[Problem to work on]
Among the entries below, one stretch runs from the line that contains "Improved disease diagnostics" through the line that contains "Figure 1. Comparative susceptibility". Repeat that stretch exactly, ends included, and only that.
━━ Data provided ━━
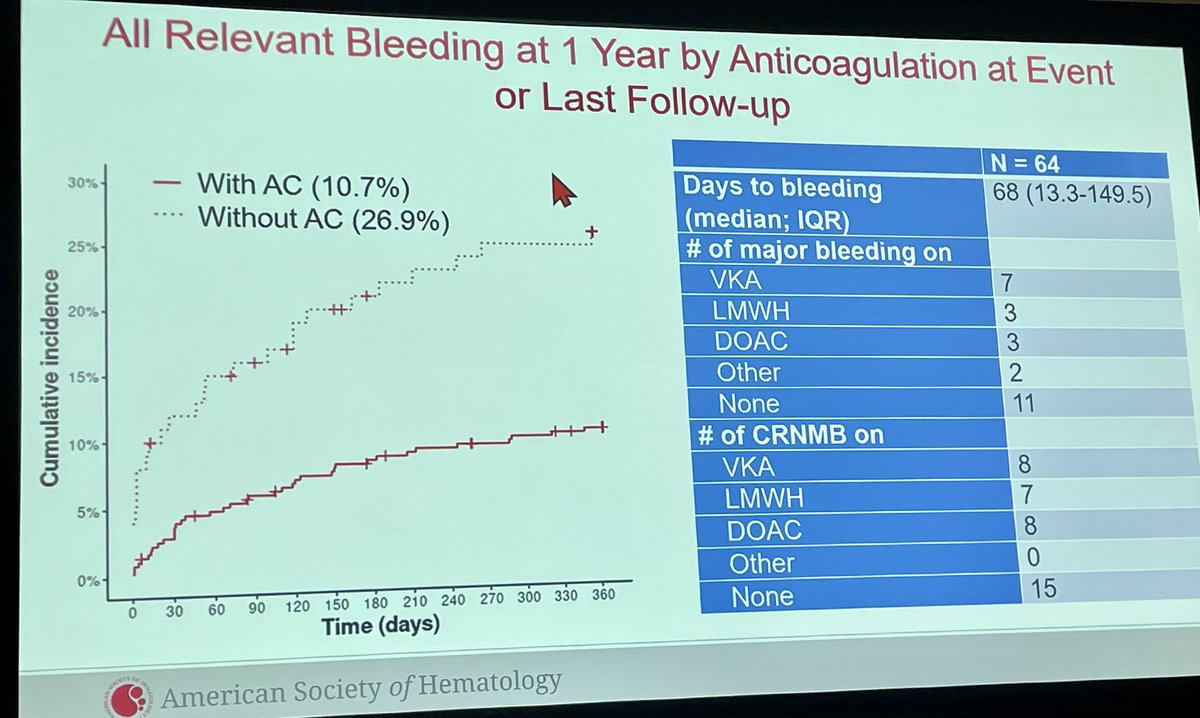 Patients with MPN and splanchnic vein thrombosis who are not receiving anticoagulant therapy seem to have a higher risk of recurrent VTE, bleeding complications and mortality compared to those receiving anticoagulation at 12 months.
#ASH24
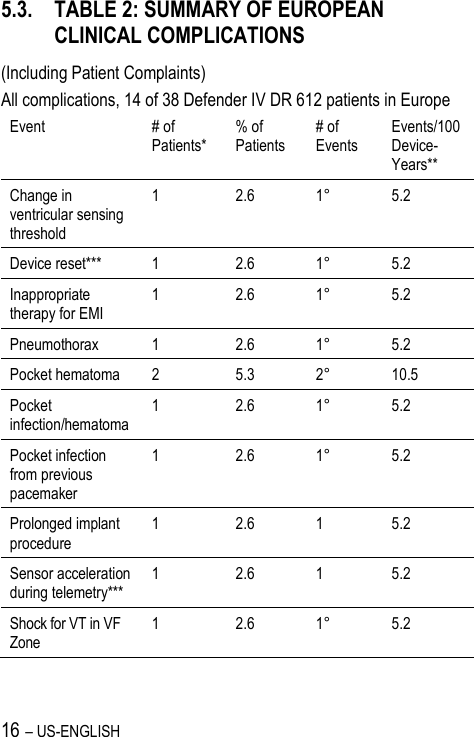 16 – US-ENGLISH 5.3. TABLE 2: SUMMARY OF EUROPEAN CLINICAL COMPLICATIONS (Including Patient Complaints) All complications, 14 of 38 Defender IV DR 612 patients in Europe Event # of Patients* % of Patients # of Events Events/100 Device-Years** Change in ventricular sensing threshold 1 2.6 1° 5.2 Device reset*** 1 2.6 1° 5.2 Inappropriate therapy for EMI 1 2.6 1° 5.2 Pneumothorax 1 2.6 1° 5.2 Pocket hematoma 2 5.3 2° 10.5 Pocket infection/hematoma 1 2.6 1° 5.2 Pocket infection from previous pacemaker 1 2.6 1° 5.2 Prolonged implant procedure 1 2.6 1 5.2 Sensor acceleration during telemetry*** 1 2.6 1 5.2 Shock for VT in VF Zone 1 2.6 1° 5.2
━━━
━━ Data provided ━━
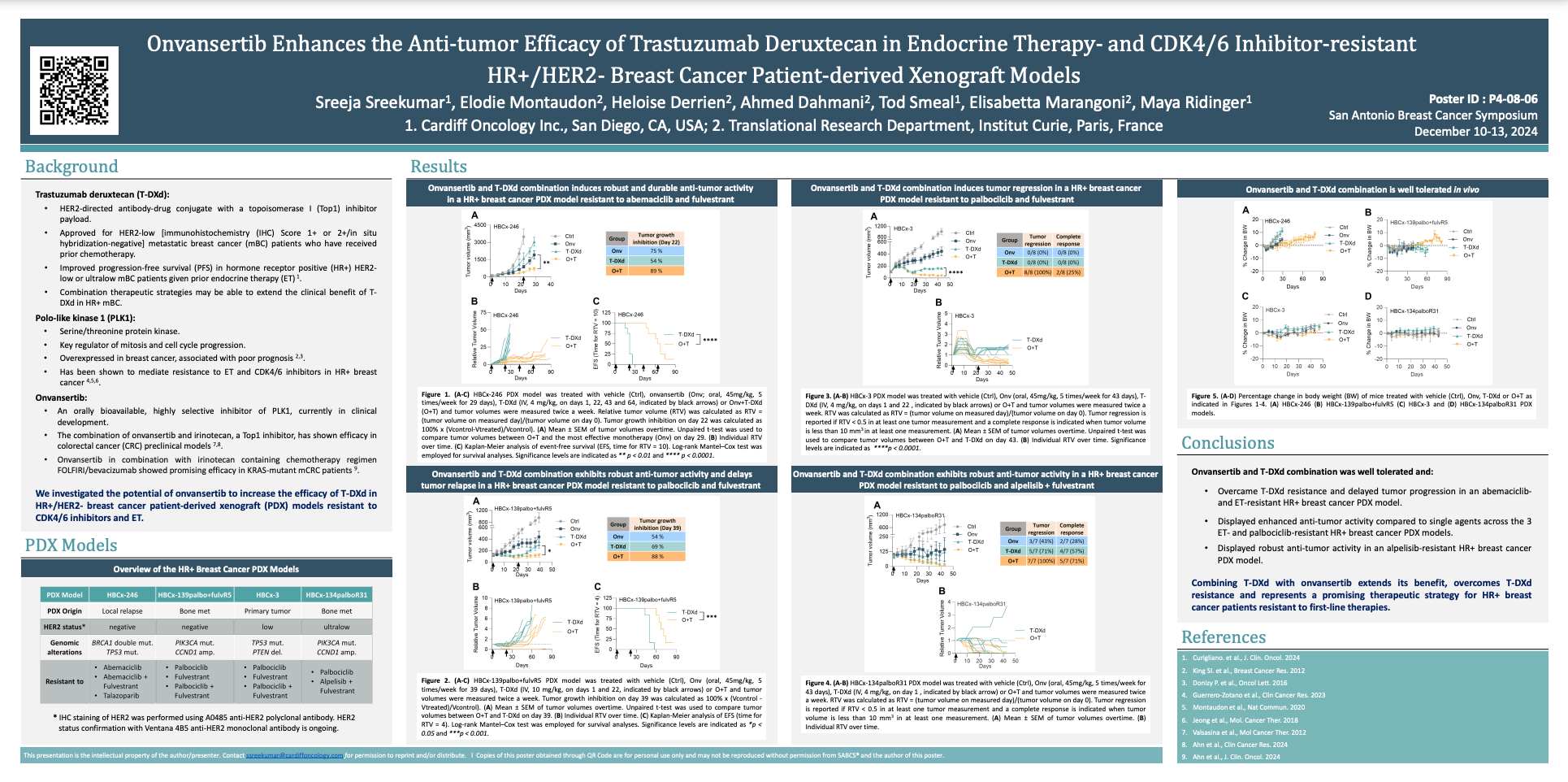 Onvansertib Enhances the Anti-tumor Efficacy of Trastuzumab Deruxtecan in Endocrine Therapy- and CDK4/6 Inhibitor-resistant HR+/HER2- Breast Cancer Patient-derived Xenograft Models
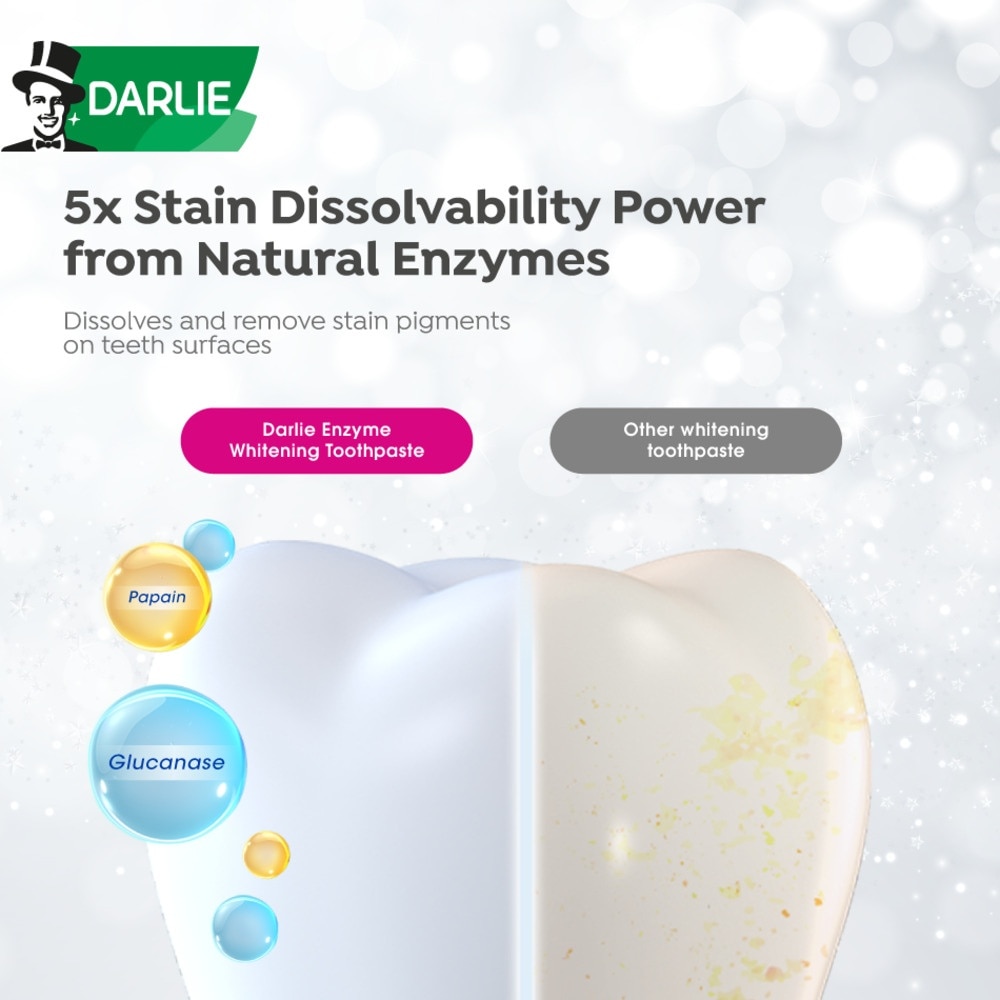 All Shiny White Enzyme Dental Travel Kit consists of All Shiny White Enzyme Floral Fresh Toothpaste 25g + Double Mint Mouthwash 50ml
━━━
━━ Data provided ━━
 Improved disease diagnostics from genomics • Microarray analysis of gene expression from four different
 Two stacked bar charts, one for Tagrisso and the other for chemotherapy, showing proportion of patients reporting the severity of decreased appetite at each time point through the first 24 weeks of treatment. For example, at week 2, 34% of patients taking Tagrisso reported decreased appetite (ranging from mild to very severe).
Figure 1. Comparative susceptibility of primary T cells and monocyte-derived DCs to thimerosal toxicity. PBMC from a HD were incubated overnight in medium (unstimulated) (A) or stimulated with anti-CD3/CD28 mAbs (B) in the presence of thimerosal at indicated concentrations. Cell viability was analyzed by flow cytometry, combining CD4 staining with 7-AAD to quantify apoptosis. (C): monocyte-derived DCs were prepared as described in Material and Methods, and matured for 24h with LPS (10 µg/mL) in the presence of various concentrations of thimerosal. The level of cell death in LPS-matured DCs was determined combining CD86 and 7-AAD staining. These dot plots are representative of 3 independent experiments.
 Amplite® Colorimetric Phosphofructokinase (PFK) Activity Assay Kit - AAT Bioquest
━━━
[Response to this task]
 Improved disease diagnostics from genomics • Microarray analysis of gene expression from four different
 Two stacked bar charts, one for Tagrisso and the other for chemotherapy, showing proportion of patients reporting the severity of decreased appetite at each time point through the first 24 weeks of treatment. For example, at week 2, 34% of patients taking Tagrisso reported decreased appetite (ranging from mild to very severe).
Figure 1. Comparative susceptibility of primary T cells and monocyte-derived DCs to thimerosal toxicity. PBMC from a HD were incubated overnight in medium (unstimulated) (A) or stimulated with anti-CD3/CD28 mAbs (B) in the presence of thimerosal at indicated concentrations. Cell viability was analyzed by flow cytometry, combining CD4 staining with 7-AAD to quantify apoptosis. (C): monocyte-derived DCs were prepared as described in Material and Methods, and matured for 24h with LPS (10 µg/mL) in the presence of various concentrations of thimerosal. The level of cell death in LPS-matured DCs was determined combining CD86 and 7-AAD staining. These dot plots are representative of 3 independent experiments.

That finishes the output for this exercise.